[Image-text web data]

──────────────────────────────

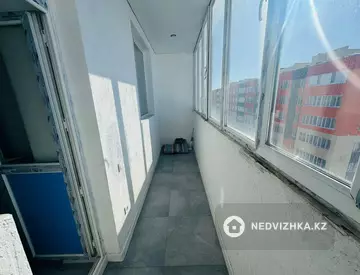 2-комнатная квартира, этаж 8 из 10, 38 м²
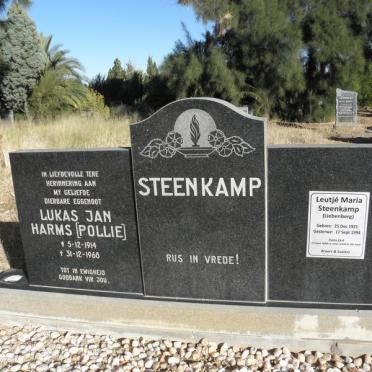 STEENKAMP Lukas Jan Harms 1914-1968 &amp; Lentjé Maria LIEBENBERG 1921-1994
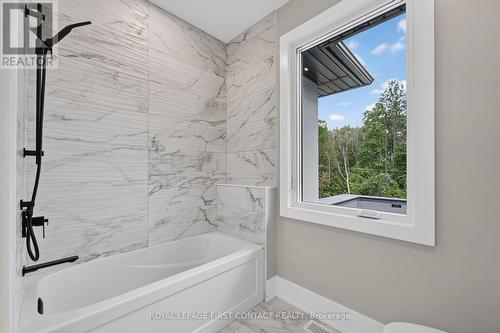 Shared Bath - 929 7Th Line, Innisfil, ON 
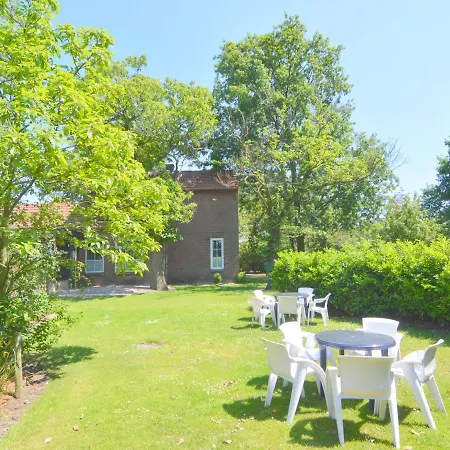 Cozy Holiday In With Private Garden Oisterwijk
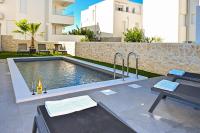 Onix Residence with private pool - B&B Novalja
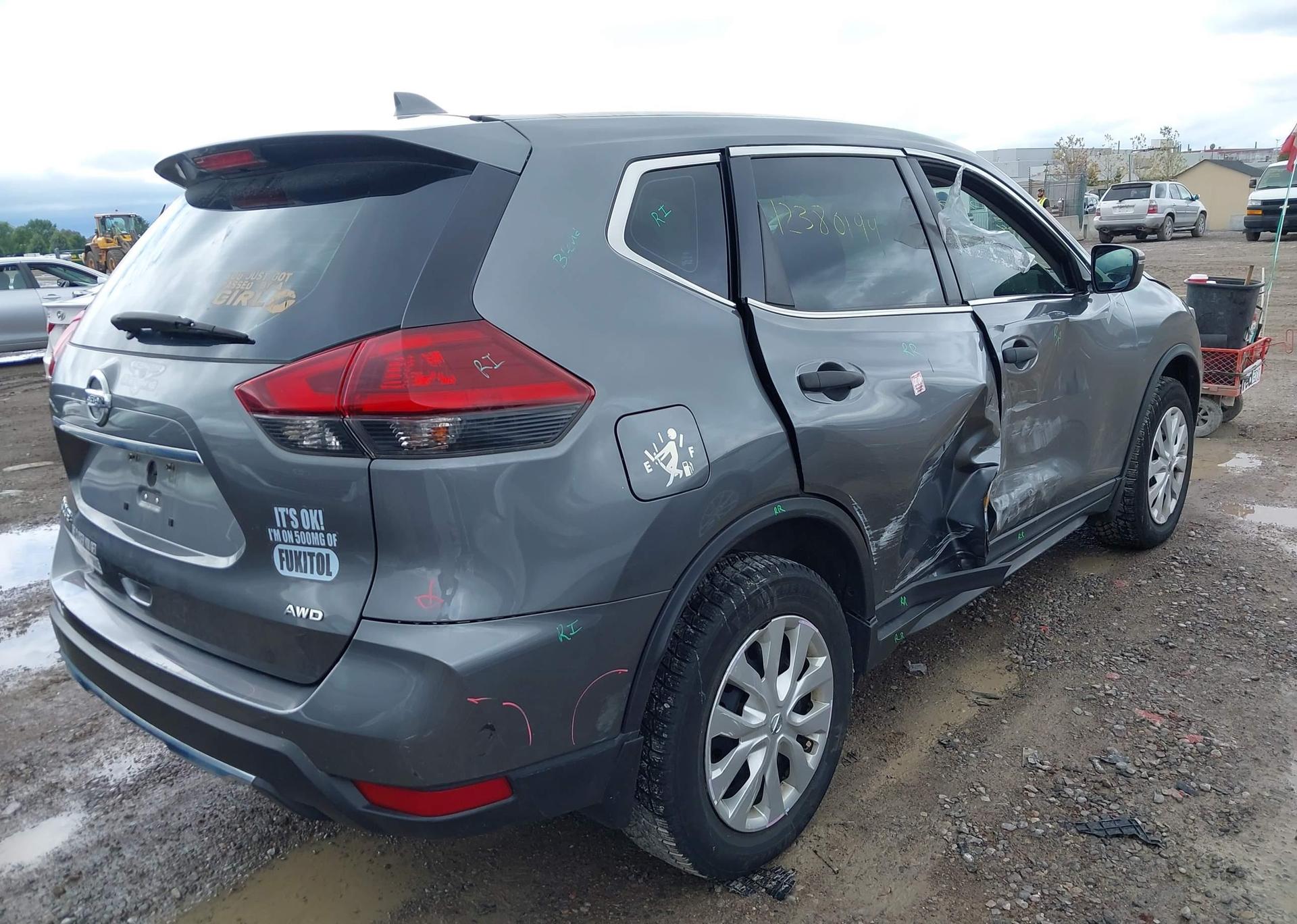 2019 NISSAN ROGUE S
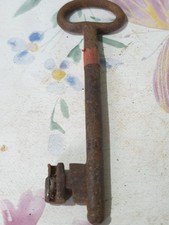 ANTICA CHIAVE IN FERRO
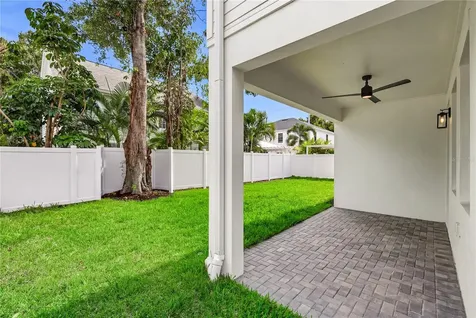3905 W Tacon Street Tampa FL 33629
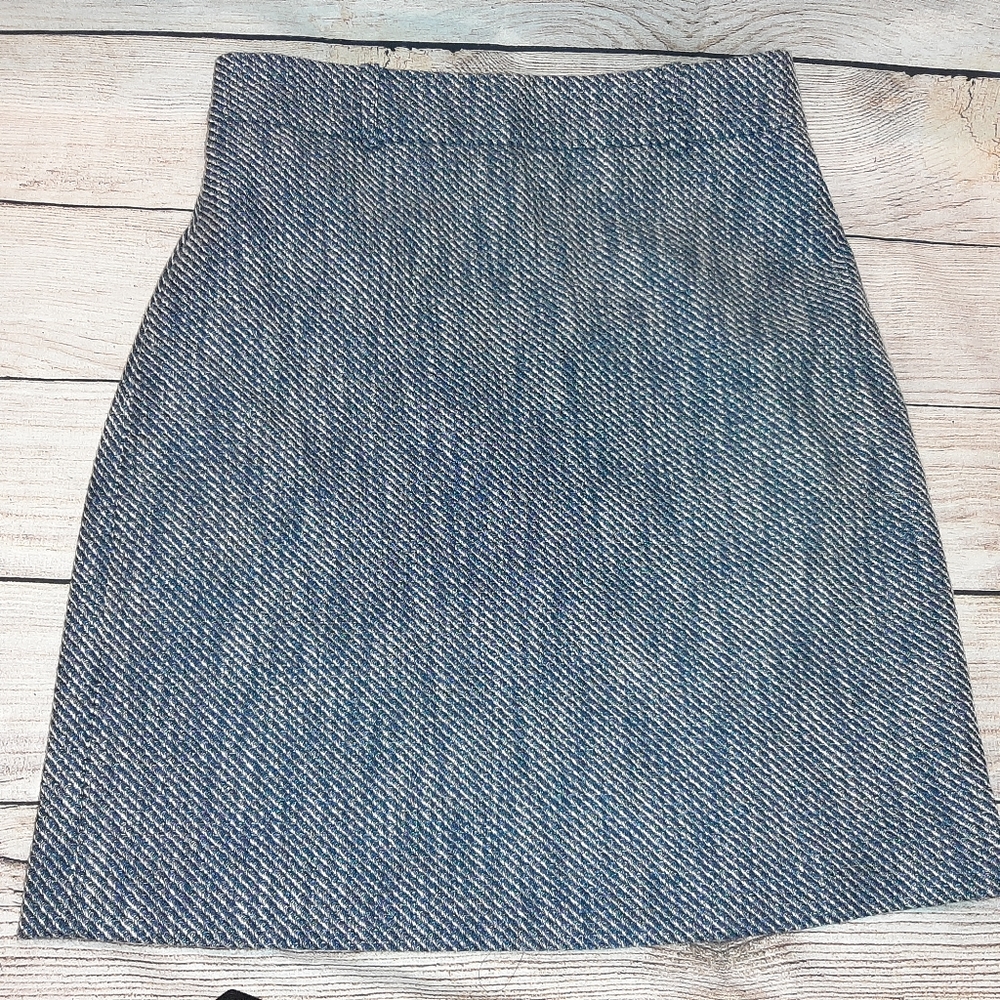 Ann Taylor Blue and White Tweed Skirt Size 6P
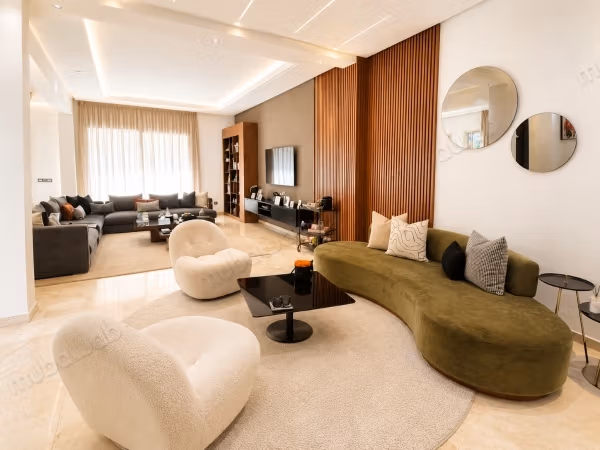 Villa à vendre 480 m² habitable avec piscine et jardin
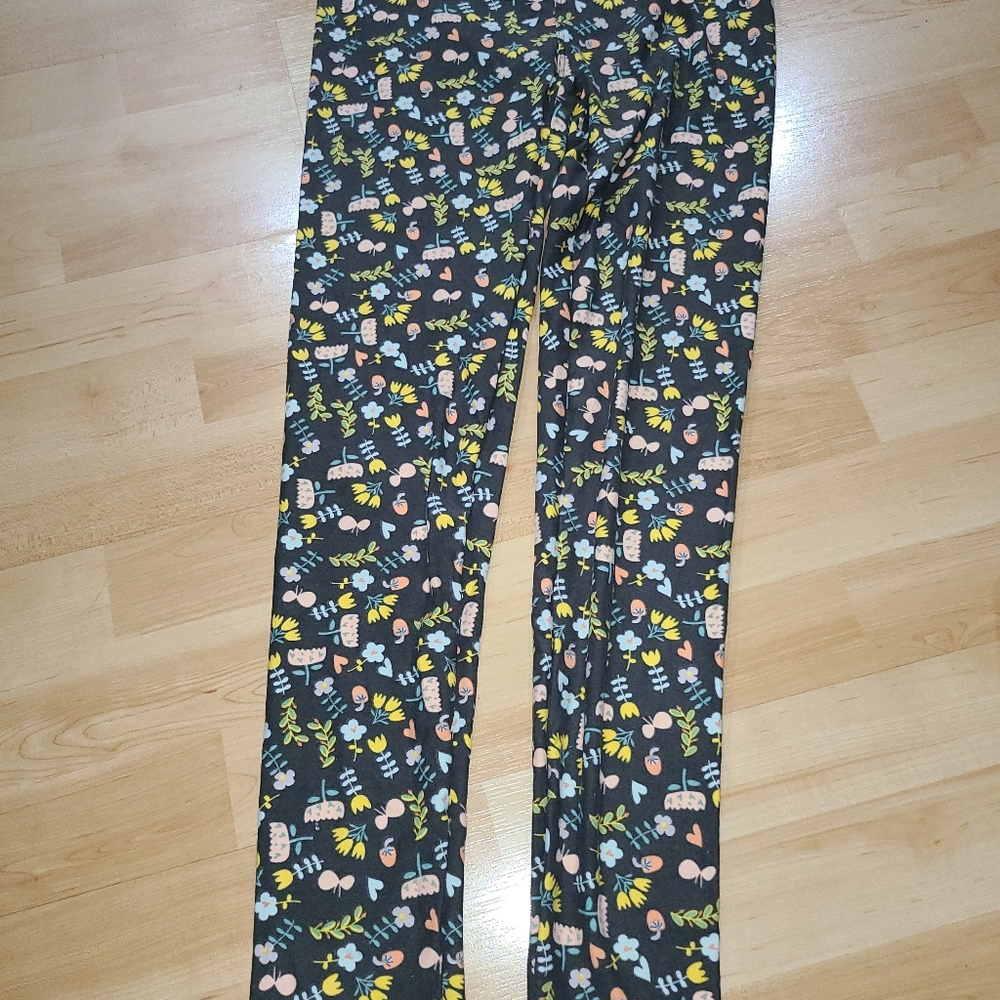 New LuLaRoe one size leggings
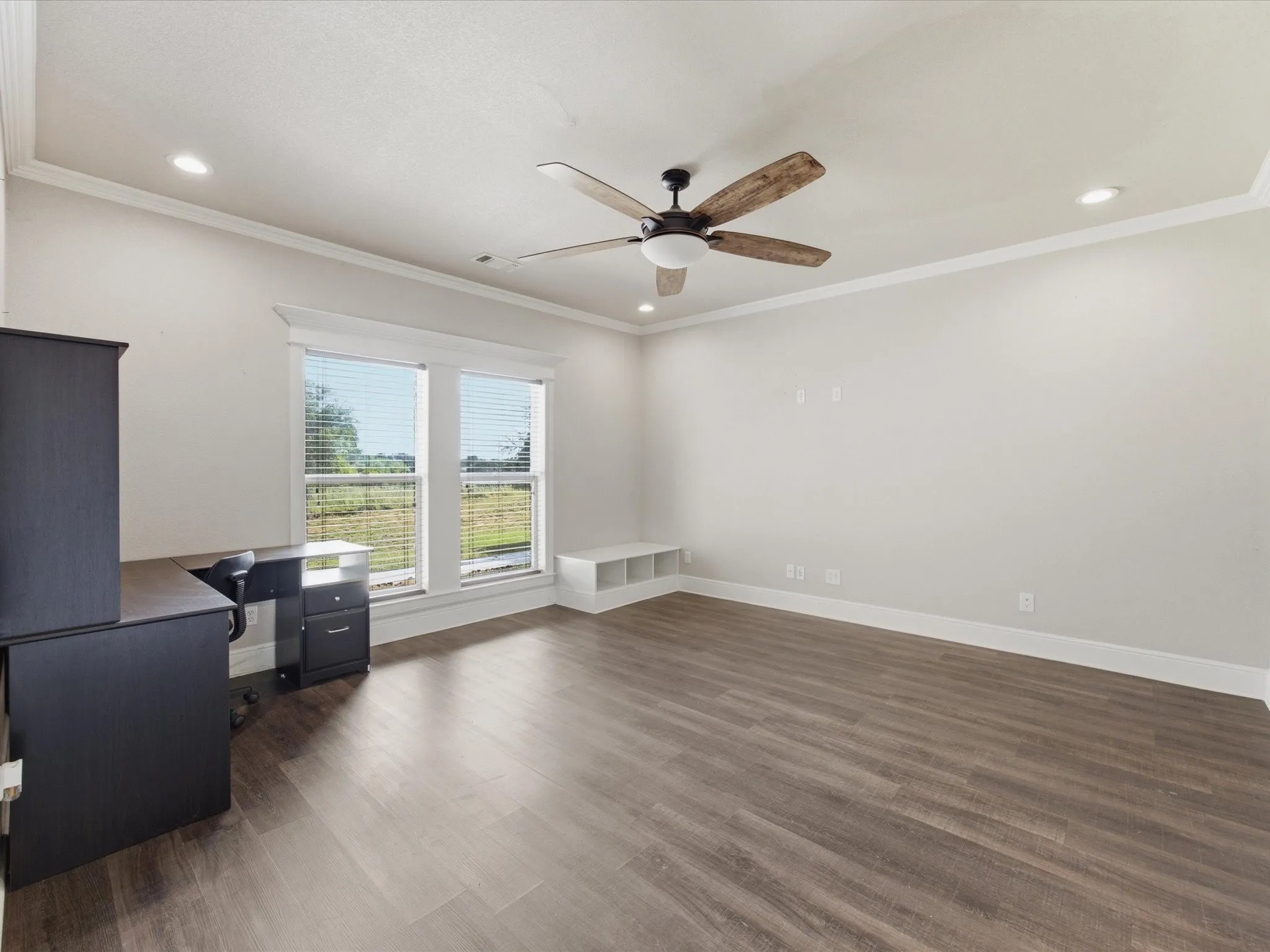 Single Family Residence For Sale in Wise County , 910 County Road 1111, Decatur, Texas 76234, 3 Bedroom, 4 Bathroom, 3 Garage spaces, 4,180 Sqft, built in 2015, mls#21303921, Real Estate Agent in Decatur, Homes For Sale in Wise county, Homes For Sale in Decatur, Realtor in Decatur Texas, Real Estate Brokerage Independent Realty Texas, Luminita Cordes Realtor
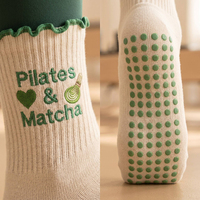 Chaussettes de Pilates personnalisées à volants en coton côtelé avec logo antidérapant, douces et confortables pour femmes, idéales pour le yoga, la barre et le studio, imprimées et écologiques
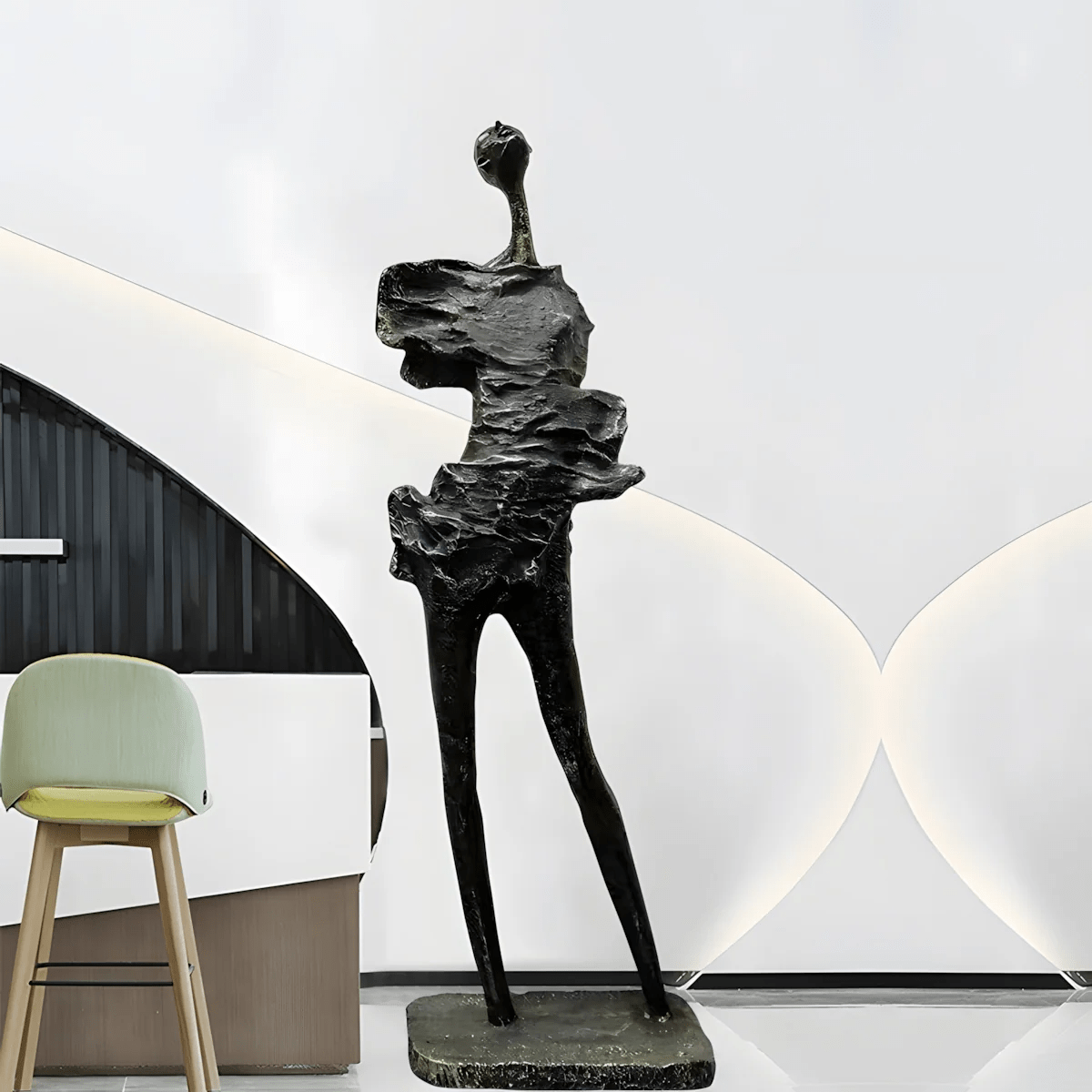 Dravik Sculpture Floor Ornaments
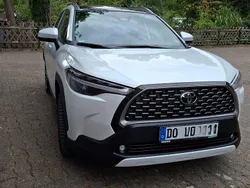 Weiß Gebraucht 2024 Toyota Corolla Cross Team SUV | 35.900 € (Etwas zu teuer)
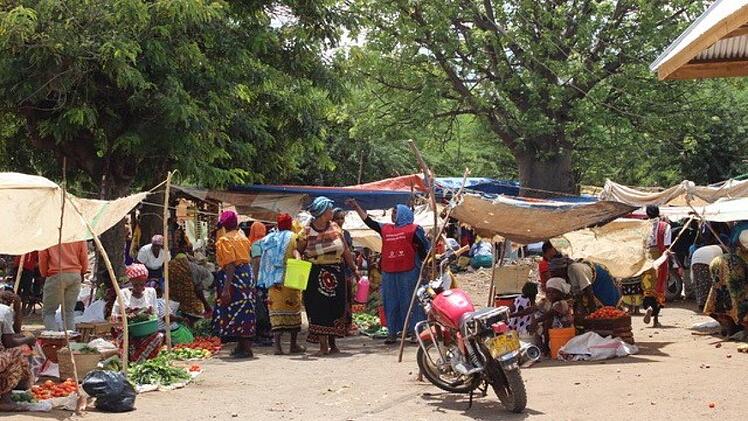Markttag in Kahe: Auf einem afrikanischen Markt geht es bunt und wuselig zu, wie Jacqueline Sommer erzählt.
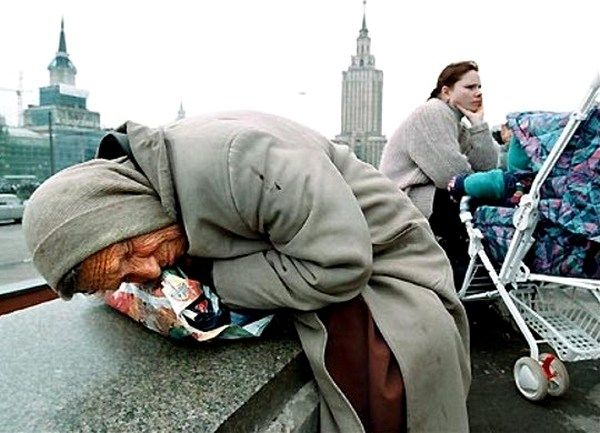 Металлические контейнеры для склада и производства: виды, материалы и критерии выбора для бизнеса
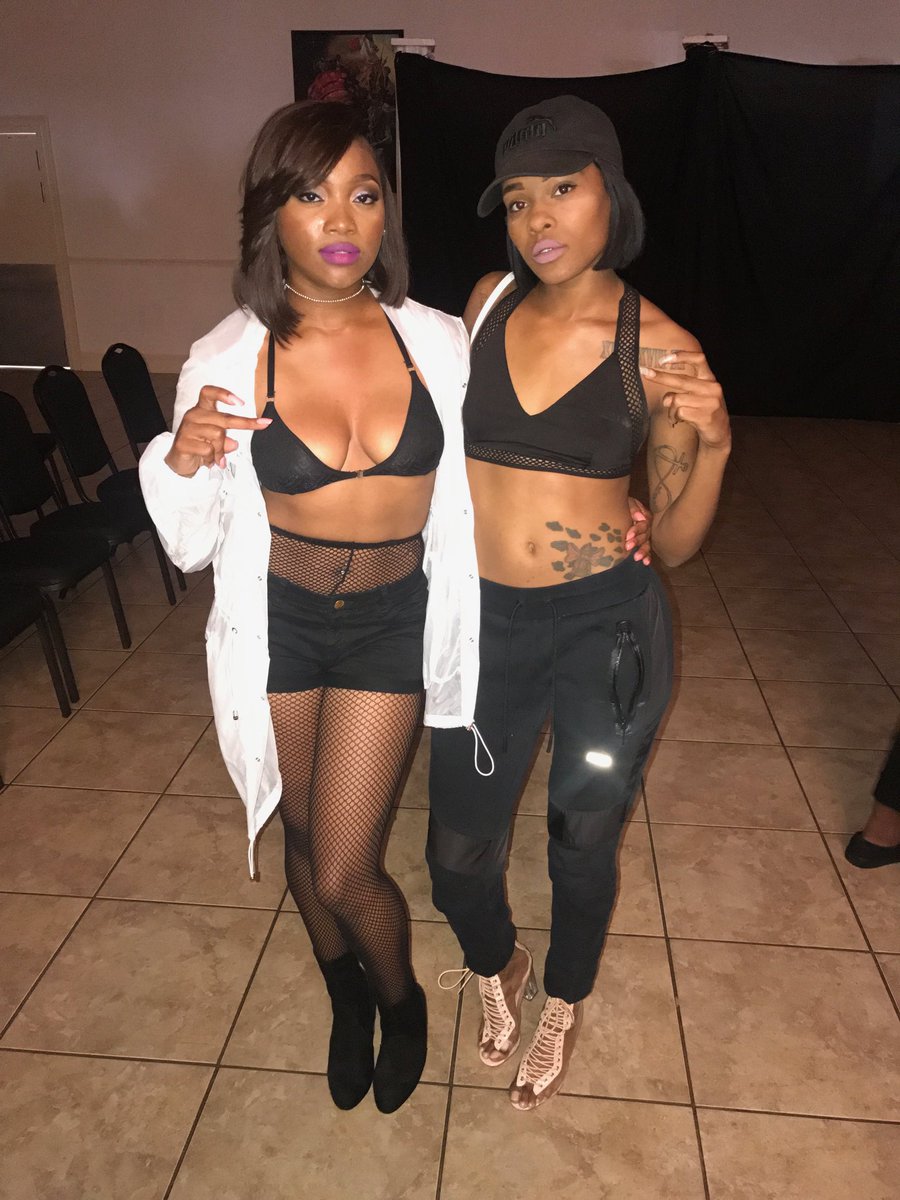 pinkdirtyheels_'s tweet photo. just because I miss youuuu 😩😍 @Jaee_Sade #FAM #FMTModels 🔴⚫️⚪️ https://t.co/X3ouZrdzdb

──────────────────────────────

Problem to solve:
Pictures are to be left out; the answer must otherwise be exactly the lines from the one with "Металлические контейнеры для" through the final line of the entries above, both included.

Task result:
 Металлические контейнеры для склада и производства: виды, материалы и критерии выбора для бизнеса
 pinkdirtyheels_'s tweet photo. just because I miss youuuu 😩😍 @Jaee_Sade #FAM #FMTModels 🔴⚫️⚪️ https://t.co/X3ouZrdzdb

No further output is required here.